The screening process is not foolproof, and those deemed eligible might still have failures to sense owing to a change in the initially evaluated eligible vector. The study by Bettin and colleagues8 emphasizes the value of having at least 2 acceptable vectors at the time of screening to be able to change vectors manually in follow-up. As mentioned previously, only 1 suitable vector is enough to pass the screening, but there have been suggestions of using a 2/3 leads criterion instead of a “1/3 leads” criterion6 with the inclusion of an exercise posture.13 Perhaps consideration of a transvenous ICD may be warranted in the setting of a sole vector passing the S-ICD screening.
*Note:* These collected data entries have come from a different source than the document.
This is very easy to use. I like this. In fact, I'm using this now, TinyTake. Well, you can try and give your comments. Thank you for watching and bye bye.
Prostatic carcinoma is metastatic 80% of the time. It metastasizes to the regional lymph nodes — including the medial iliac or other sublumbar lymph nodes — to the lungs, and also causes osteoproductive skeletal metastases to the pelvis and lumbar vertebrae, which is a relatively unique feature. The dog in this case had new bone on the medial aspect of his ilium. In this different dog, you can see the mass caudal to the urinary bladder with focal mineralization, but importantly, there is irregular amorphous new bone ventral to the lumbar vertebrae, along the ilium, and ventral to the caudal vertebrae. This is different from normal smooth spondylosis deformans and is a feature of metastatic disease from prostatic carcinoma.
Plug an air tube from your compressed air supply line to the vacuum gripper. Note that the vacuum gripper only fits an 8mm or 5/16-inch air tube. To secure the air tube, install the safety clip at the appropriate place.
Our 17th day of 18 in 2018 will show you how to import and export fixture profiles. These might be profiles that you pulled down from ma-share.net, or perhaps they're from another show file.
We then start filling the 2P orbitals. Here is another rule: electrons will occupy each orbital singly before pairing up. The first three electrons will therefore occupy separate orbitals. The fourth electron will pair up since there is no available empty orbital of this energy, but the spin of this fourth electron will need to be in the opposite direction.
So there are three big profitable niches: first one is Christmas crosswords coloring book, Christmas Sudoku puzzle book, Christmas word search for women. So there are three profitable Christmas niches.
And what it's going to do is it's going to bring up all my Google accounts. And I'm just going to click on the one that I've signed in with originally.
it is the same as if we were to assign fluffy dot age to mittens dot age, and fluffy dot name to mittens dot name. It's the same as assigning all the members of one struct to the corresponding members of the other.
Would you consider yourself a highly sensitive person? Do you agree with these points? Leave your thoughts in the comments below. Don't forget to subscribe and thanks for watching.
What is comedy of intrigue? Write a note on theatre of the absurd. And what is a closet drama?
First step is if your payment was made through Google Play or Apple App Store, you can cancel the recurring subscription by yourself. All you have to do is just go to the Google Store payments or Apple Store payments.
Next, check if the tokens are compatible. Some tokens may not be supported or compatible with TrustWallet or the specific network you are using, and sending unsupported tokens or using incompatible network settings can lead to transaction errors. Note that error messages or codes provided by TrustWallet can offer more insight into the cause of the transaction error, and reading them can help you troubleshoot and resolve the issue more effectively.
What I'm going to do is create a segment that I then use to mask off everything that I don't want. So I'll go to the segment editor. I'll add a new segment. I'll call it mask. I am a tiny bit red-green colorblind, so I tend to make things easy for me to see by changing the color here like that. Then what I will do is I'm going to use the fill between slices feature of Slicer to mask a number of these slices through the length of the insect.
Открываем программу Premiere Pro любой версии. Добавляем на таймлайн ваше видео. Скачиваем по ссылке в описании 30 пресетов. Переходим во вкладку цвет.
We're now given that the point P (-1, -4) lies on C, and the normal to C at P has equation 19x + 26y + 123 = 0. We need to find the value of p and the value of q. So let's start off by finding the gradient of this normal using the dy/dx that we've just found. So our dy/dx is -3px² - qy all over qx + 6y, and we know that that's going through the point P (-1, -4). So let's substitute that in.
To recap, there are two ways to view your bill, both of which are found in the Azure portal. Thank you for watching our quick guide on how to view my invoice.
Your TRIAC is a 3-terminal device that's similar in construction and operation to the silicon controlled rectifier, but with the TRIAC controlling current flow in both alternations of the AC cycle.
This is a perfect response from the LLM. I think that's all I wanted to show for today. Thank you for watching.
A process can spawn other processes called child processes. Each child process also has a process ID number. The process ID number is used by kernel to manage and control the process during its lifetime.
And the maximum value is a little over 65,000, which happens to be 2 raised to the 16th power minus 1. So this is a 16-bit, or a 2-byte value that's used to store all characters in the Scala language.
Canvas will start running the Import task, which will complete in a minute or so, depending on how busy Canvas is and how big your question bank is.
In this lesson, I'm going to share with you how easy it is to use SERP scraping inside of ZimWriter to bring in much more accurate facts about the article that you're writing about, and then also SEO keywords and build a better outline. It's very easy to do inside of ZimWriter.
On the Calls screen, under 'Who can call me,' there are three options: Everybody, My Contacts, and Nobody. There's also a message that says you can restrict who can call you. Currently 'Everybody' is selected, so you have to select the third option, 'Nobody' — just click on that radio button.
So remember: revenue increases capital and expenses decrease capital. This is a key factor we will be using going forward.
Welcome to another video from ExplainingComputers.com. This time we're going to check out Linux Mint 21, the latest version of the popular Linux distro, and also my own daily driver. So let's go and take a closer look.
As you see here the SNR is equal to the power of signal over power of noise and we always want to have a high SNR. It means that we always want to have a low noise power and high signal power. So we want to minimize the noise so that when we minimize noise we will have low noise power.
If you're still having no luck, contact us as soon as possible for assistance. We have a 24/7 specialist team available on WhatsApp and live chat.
There is no established evidence-based guideline to manage S-ICD screening failure after its implantation. Firstly, we made sure that the generator and lead positions were intact by using chest radiography. Secondly, we checked the device surgical site for implications of infection, hematoma, and air entrapment; and it was clean without significant swelling, tenderness to palpation, bleeding, or drainage. There were no significant electrolyte abnormalities. The device was interrogated again in supine and sitting positions, which demonstrated proper sensing and function, and now passing the secondary vector. In our case, we suspect the reason of transient vector configuration screening failure postimplantation is mostly related to the significant decrease of QRS amplitude and, to a lesser degree, to increase in the T-wave amplitude, resulting finally in the alteration of the high-pass filter and AST, as described above. Such QRS-wave amplitude decrease and/or T-wave amplitude increase findings have been reported in literature,14,15 but the mechanisms are not fully understood. Hypotheses for these changes include ischemia, myocardial stunning, myocardial edema, and electrolyte changes.15 Overall, it is imperative to make sure that the sensing of S-ICD is intact post DFT testing, prior to discharge. This is to allow for the resolution of acute repolarization changes, even when the patient passed the screening in the first place.
Conclusion
Data outcomes of change or loss in vector screening post S-ICD therapy are scarce. The optimal number of passed screening vectors must be taken into account before and after S-ICD implant, especially in patients who only “screen in” with 1 vector configuration. Our case demonstrates the variability of vector configuration screening with respect to post defibrillation therapy and changes in the surface QRS/T ratio. Fortunately, our patient regained adequate sensing for future detection of ventricular arrhythmia. Future studies should explore preventative and alternative care pathways, should patients only “screen in” successfully to 1 vector configuration, especially in the event that the patient requires more than 1 appropriate therapy from the S-ICD.
Footnotes
Funding Sources: This research did not receive any specific grant from funding agencies in the public, commercial, or not-for-profit sectors.
Disclosures: All authors have no conflict of interest.